C'est Bolsonaro qui a lancé l'"Auxilio Brasil", la nouvelle version du "Bolsa Familia" qui était le programme social phare des années Lula, dont le montant est passé de 400 réais (environ 80 euros), à 600 réais cette année.
"Bolsonaro a augmenté l''Auxilio Brasil' pour se faire réélire," estime pour sa part Luciana Mesquita, 22 ans.
"Après les élections ça va s'arrêter", prédit cette gérante d'un restaurant, pour qui "tout: la santé, l'éducation, l'emploi" était mieux sous Lula.
Weksley Watson de Souza, 35 ans, est gardien dans une école, et va voter Bolsonaro.
"Moi je ne suis pas d'accord avec son positionnement sur les personnes LGBT, il n'est pas parfait mais c'est la meilleure option," estime cet homme noir qui faisait la queue dès 07H30 pour voter.
-"Je ne mange plus de viande"-
Dans ce pays de 214 millions d'habitants aux inégalités monstres, plus de 33 millions de personnes souffrent de la faim, un chiffre en hausse de 73% par rapport à 2020, selon une étude rendue publique en juin par le Réseau brésilien de recherche sur la sécurité alimentaire (Rede Penssan).
Pour augmenter le pouvoir d'achat, Lula pour sa part s'engage à lancer une nouvelle "Bolsa Familia": en plus des 600 reais de l'"Auxilio Brasil", les familles recevraient 150 reais pour chaque enfant de moins de six ans.
Ces promesses ont convaincu Elezoda Belo Oliveira, 57 ans, qui gagne sa vie en faisant du repassage.
"Je ne mange plus que des œufs!

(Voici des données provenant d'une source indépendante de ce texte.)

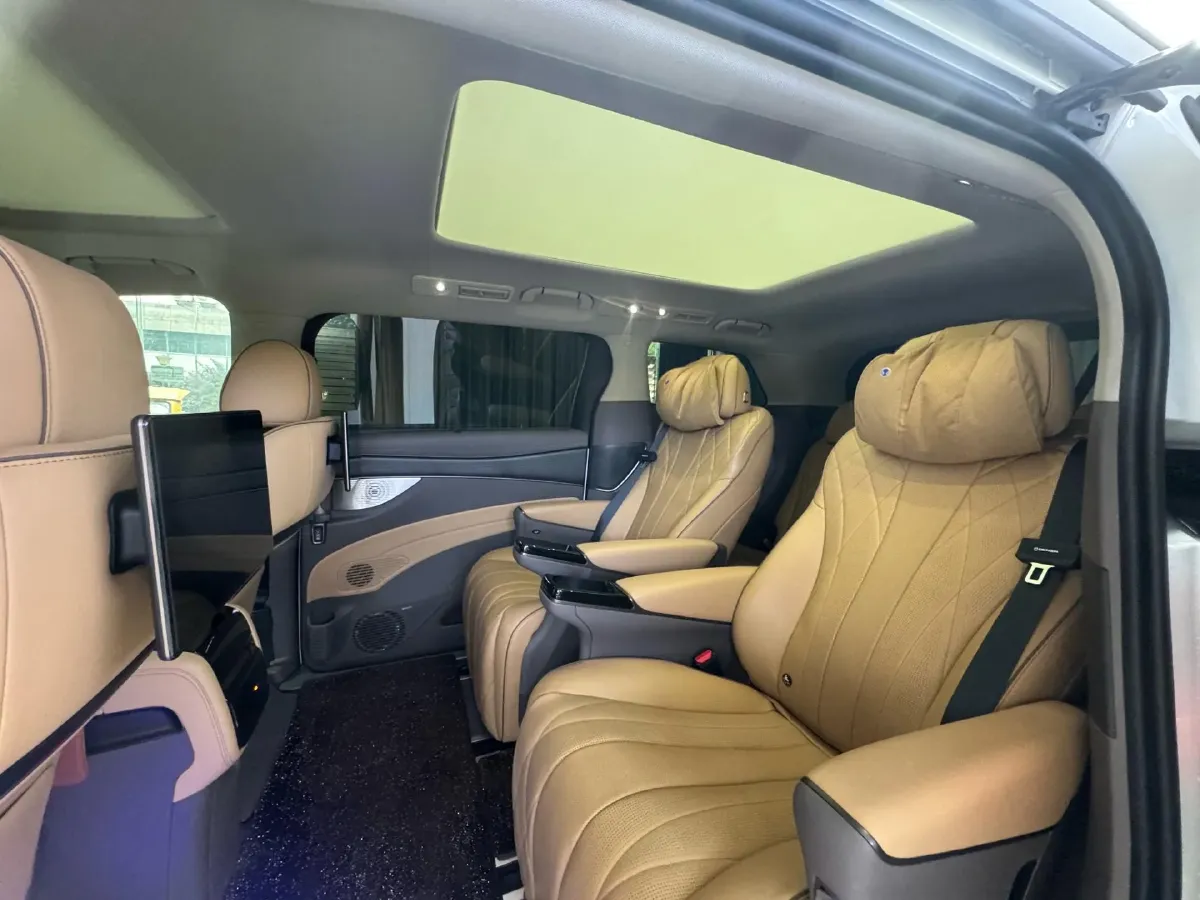 2022 Mercedes-Benz GLC Class 2.0T 197HP L4 9AT,autocango,china used car exporter,china ev exporter,chinese used car exporter,chinese used ev exporter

Je ne mange plus de viande, même les pieds de poule sont très chers," s'exclame Mme Oliveira, l'une des rares personnes à arborer un autocollant à l'effigie de Lula.
"Bolsonaro a été le pire président de tous les temps," estime cette femme aux yeux pétillants.

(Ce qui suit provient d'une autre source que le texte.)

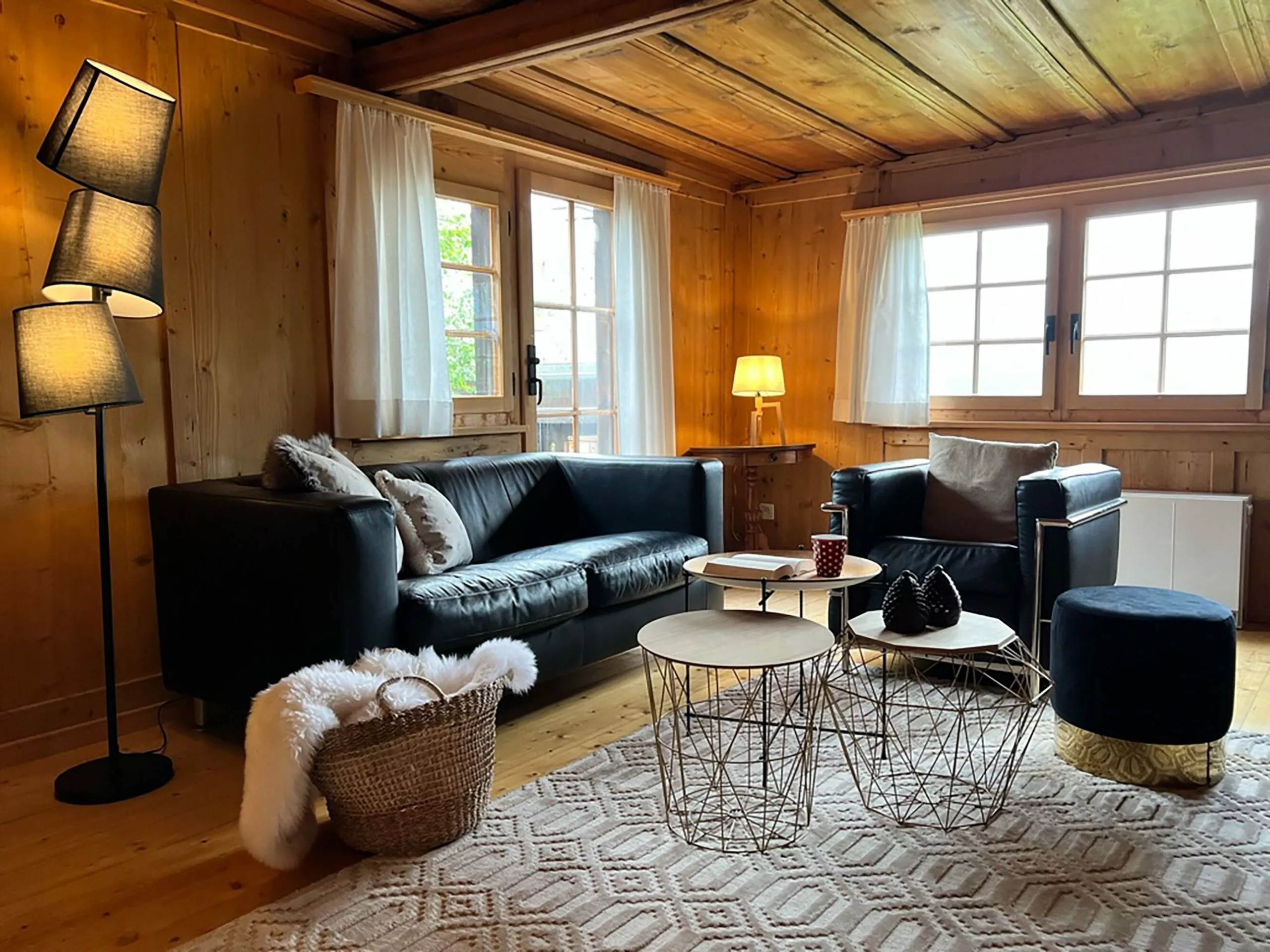 Beliani Mesa Auxiliar Negro/madera Clara ⌀ 40 Cm LANARK - Imagen 5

Le vote de Rafaela, 27 ans, ira pour ce premier tour à Ciro Gomes, le candidat de centre gauche crédité de 5% des intentions de vote, selon le dernier sondage de Datafolha.

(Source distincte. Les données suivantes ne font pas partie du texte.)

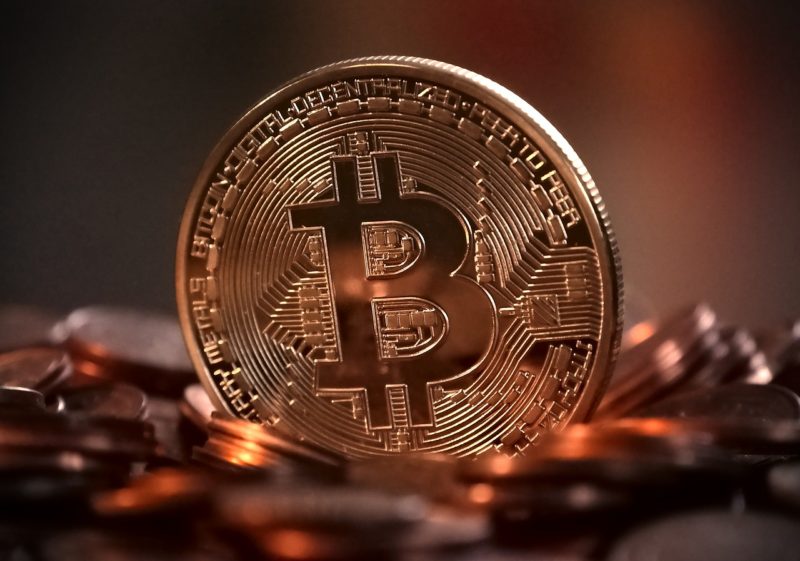 Bitcoin, &icirc;ntre riscurile geopolitice și susținerea instituțională. Este corecția actuală doar o reevaluare temporară?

Cette femme noire travaillait dans un restaurant mais a perdu son travail pendant la pandémie. Aujourd'hui, elle est coiffeuse à domicile. En cas de deuxième tour, elle votera pour l'ex-président de gauche Lula.
"Tout est beaucoup trop cher avec Bolsonaro et il ne fait pas assez pour aider les gens", soutient-elle.